Taylor, dropped the previous day on 14, had a second life at 48 when Pattinson spilled a sharp return catch, eventually edged to first slip; Brownlie, after a painful blow on the left wrist, couldn't avoid a good delivery and followed Taylor back.
The lower order decided on a policy of hitting out, and new cap Trent Boult clouted three fours in successive balls from Siddle before the end.
By the time of the 12th over of Australia's innings, New Zealand were on their third new ball, the ongoing issue of balls being knocked out of shape during this series continuing.
Warner was aggressive, and drove hard; Hughes was more circumspect. Both had their luck, especially Hughes who was given not out to a legside catch in the third over by Chris Martin before he had scored.
New Zealand decided not to seek an umpires review, and it proved costly, the ball showing up as having brushed Hughes' glove on the Hot Spot replay.
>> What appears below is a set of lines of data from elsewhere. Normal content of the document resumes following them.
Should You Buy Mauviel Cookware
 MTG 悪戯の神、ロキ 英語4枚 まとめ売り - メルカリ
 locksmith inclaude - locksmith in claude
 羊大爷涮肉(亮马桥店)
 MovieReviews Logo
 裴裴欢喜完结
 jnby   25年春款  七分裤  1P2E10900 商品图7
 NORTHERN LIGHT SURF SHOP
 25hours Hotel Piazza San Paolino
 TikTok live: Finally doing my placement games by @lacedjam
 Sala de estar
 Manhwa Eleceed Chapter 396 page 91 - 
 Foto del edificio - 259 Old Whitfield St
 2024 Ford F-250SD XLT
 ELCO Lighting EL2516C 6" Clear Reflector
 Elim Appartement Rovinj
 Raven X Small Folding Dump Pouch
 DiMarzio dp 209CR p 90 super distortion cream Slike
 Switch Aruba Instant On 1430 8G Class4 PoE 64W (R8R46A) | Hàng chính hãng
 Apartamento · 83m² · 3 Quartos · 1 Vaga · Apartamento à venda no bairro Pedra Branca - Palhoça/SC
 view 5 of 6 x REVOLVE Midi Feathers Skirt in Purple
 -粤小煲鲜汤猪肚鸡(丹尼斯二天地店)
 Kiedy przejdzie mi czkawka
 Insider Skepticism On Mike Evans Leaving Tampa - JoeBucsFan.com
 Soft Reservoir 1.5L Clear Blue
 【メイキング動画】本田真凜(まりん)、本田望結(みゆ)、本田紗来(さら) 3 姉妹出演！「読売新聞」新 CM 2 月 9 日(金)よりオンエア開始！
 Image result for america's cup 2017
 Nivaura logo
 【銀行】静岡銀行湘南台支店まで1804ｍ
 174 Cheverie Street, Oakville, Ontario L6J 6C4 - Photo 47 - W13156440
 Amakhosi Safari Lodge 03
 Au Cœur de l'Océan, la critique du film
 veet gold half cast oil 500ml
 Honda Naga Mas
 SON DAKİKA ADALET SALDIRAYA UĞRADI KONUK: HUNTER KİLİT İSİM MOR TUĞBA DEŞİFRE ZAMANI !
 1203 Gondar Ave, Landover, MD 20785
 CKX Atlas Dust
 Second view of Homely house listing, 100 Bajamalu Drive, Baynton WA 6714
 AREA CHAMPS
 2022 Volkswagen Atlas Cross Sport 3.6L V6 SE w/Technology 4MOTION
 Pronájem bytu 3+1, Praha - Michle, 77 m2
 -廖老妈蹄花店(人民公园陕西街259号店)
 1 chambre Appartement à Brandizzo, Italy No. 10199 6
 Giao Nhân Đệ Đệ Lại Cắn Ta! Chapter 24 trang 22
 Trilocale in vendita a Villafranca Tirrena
New Zealand needed early success, but were unsure so decided to keep their decision review system options open for later in the innings - teams are limited to two unsuccessful appeals per innings before the ability to refer a decision upstairs is removed.
Warner has reached 47 from 50 balls, while Hughes will start the fourth day on 20.
The upshot is that New Zealand must hope the pitch begins to deteriorate from the start of day four, as it's expected to.
Already the occasional ball is keeping low, but New Zealand do not have a top class spin option, with allrounder Dan Vettori ruled out of the test through a hamstring strain.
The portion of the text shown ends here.